● Provided records

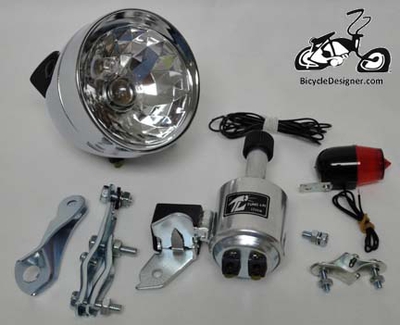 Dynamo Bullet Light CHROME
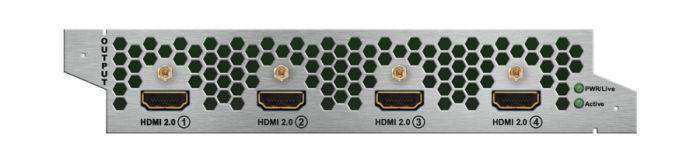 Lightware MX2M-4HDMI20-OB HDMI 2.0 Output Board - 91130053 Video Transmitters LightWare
--
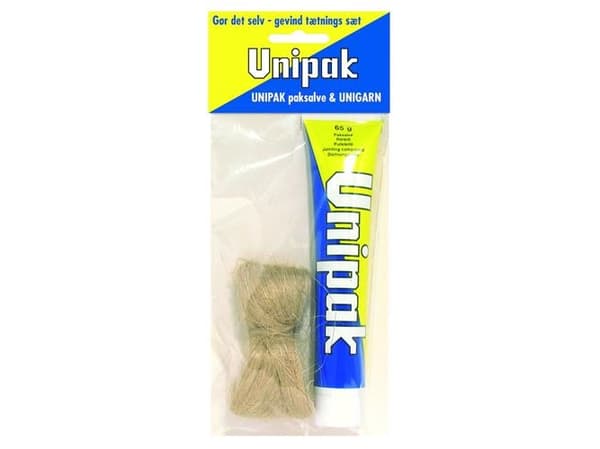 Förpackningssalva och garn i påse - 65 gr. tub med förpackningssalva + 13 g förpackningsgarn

● Task to complete
Only the lines between the one with "Dynamo Bullet Light CHROME" and the one with "Lightware MX2M-4HDMI20-OB HDMI", those two included, get copied from the material above. Keep it exact and free of pictures.

● Result for this exercise
 Dynamo Bullet Light CHROME
 Lightware MX2M-4HDMI20-OB HDMI 2.0 Output Board - 91130053 Video Transmitters LightWare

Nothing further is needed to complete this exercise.